Judge scolds former Barton coach

Both sides rest in trial that shakes Great Bend school

? U.S. District Judge Monti Belot berated former track coach Lance Brauman on Monday for giving “evasive answers to straight questions” during the government’s cross-examination of his testimony.

The judge sent jurors out of the courtroom after Brauman testified that he ran the track program at Barton County Community College “the best way that I could” during questioning by prosecutor Debra Barnett about athlete time sheets and a summer course he taught.

Brauman currently is an assistant track and field coach at the University of Arkansas. He is on trial in Wichita for eight counts, including embezzlement, theft and mail fraud, alleged to have happened while he was head track coach at the Kansas community college.

With the jurors out of the courtroom, Belot told the coach that if he gave another evasive answer, Belot would use his prerogative as federal judge to comment on witness testimony. He warned that if Brauman forced him to comment on his testimony, it would not be favorable.

A visibly shaken Brauman apologized to the judge. His defense attorney, Lee Davis, briefly took Brauman out of courtroom to talk to him before he resumed his testimony.

“You better straighten him out,” Belot told Davis as the two were leaving.

With jurors back in the courtroom, Brauman acknowledged on cross-examination that he forged student signatures to time sheets.

Both sides now have rested their cases. Closing arguments were scheduled for 9 a.m. today.

Prosecutors contend Brauman participated in a scheme to give athletes work-study funds and campus jobs that paid them for work they did not do, and they also accuse him of causing false academic credentials to be sent to other schools on athletes’ behalf.

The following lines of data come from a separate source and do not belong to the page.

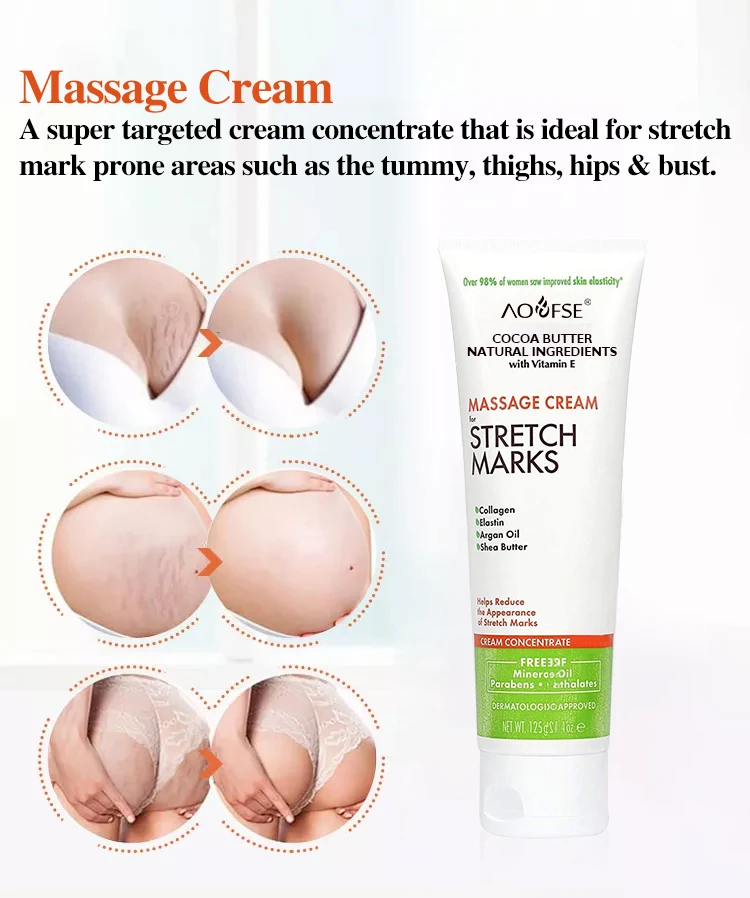 علاج علامات التمدد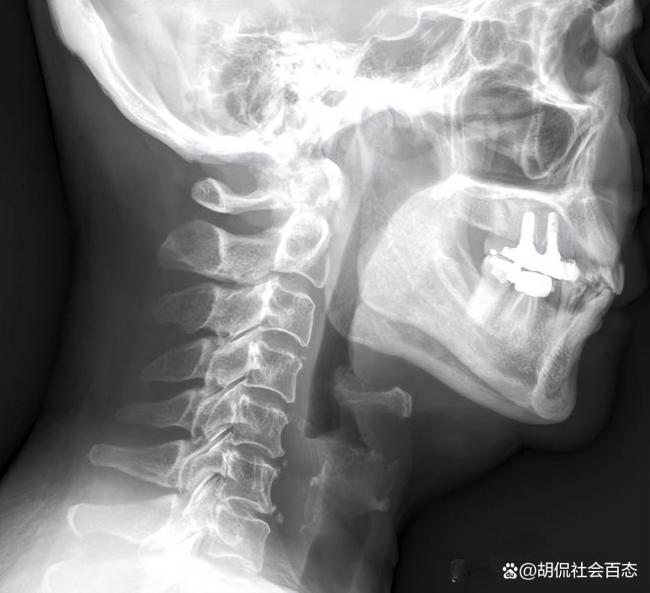 男子中午吃一条鱼 下午上班死亡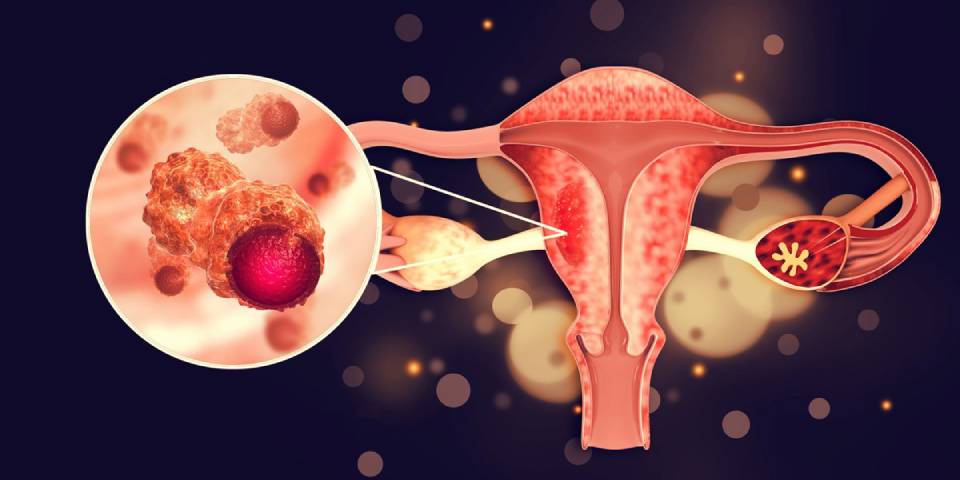 How Do I Know I Have Endometriosis?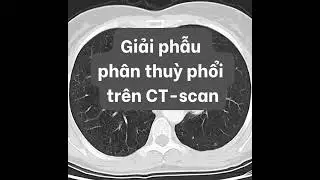 Giải phẫu phân thuỳ phổi trên CT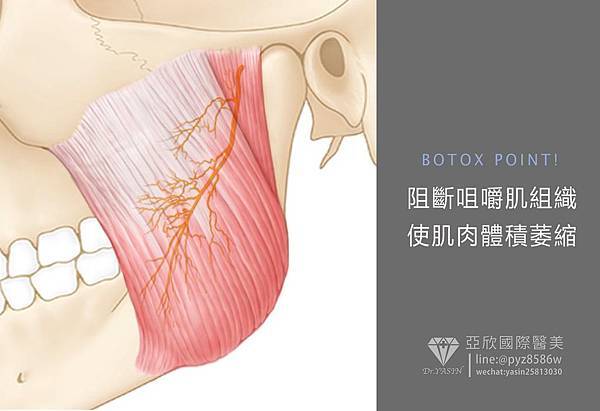 肉毒示意.jpg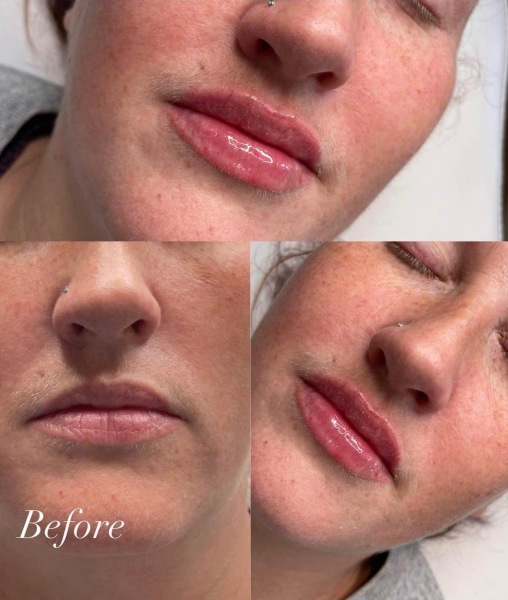 To think that botox, fillers, and other facial procedures are becoming too common?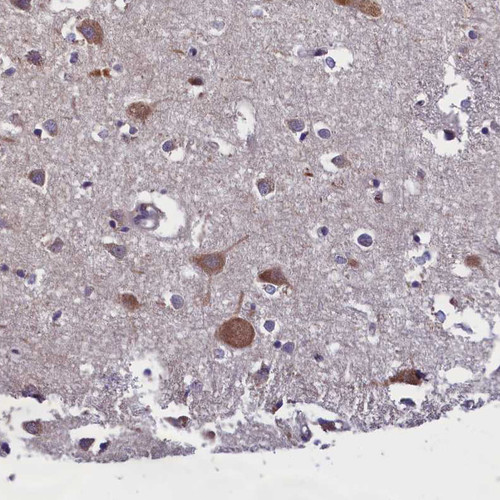 Immunohistochemical staining of human cerebral cortex shows moderate cytoplasmic positivity in neurons.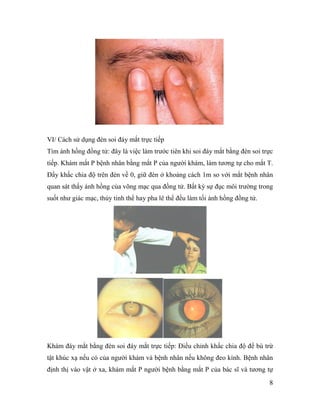 8
VI/ Cách sử dụng đèn soi đáy mắt trực tiếp
Tìm ánh hồng đồng tử: đây là việc làm trước tiên khi soi đáy mắt bằng đèn soi trực
tiếp. Khám mắt P bệnh nhân bằng mắt P của người khám, làm tương tự cho mắt T.
Đẩy khấc chia độ trên đèn về 0, giữ đèn ở khoảng cách 1m so với mắt bệnh nhân
quan sát thấy ánh hồng của võng mạc qua đồng tử. Bất kỳ sự đục môi trường trong
suốt như giác mạc, thủy tinh thể hay pha lê thể đều làm tối ánh hồng đồng tử.
Khám đáy mắt bằng đèn soi đáy mắt trực tiếp: Điều chỉnh khấc chia độ để bù trừ
tật khúc xạ nếu có của người khám và bệnh nhân nếu không đeo kính. Bệnh nhân
định thị vào vật ở xa, khám mắt P người bệnh bằng mắt P của bác sĩ và tương tự
 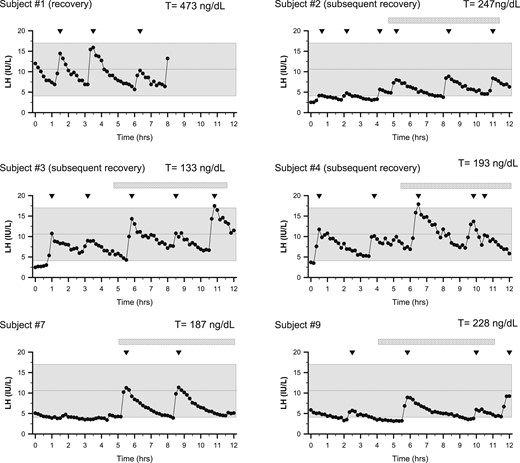 Spectrum of LH secretion patterns of men presenting with FHH. Subjects underwent detailed neuroendocrine profiling (every 10 minutes × 12 hours) to chart LH secretion pattern. Inverted triangles depict LH pulses. Shaded region depicts the normal reference range (27). Subject 1 underwent only 8 hours of sampling and had recovered HPG axis function at the time of the neuroendocrine evaluation (normal serum T levels).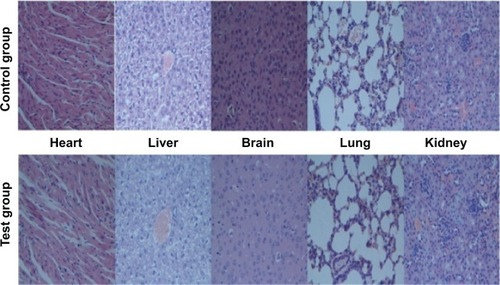 Figure 6 Representative histologic images of the mice treated, respectively, with physiologic saline (control group) and aqueous suspension of the thrombin nanocomplexes (test group) after 7 days. Figure 7 (A) Hemostatic efficacy of thrombin nanocomplexes in rat hepatic hemorrhage model. (B) Hemostatic efficacy of native thrombin in rat hepatic hemorrhage model. (C) Hemostatic efficacy of thrombin nanocomplexes in rat iliac artery hemorrhage model. (D) Hemostatic efficacy of native thrombin in rat iliac artery hemorrhage model.Display full size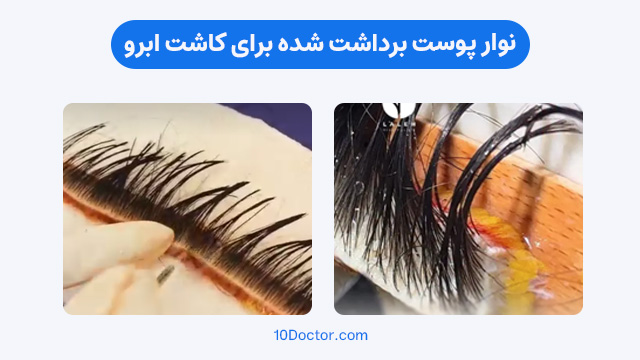 نوار پوست برداشت شده برای کاشت ابرو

The former track coach’s case is the first to go to trial in a Barton County athletics scandal that spawned charges against seven coaches and the athletic director and led to the firing of the school’s president.

In his earlier testimony Monday, Brauman said it was common practice at the school to use work-study and campus employment programs to make up the difference between financial aid given athletes and the cost of their schooling. The athletes did not get any work-study money themselves, but just enough work hours were credited to their student accounts so that their accounts were “zeroed out” by the end of the semester.

Brauman testified the practice had been ongoing for 20 years.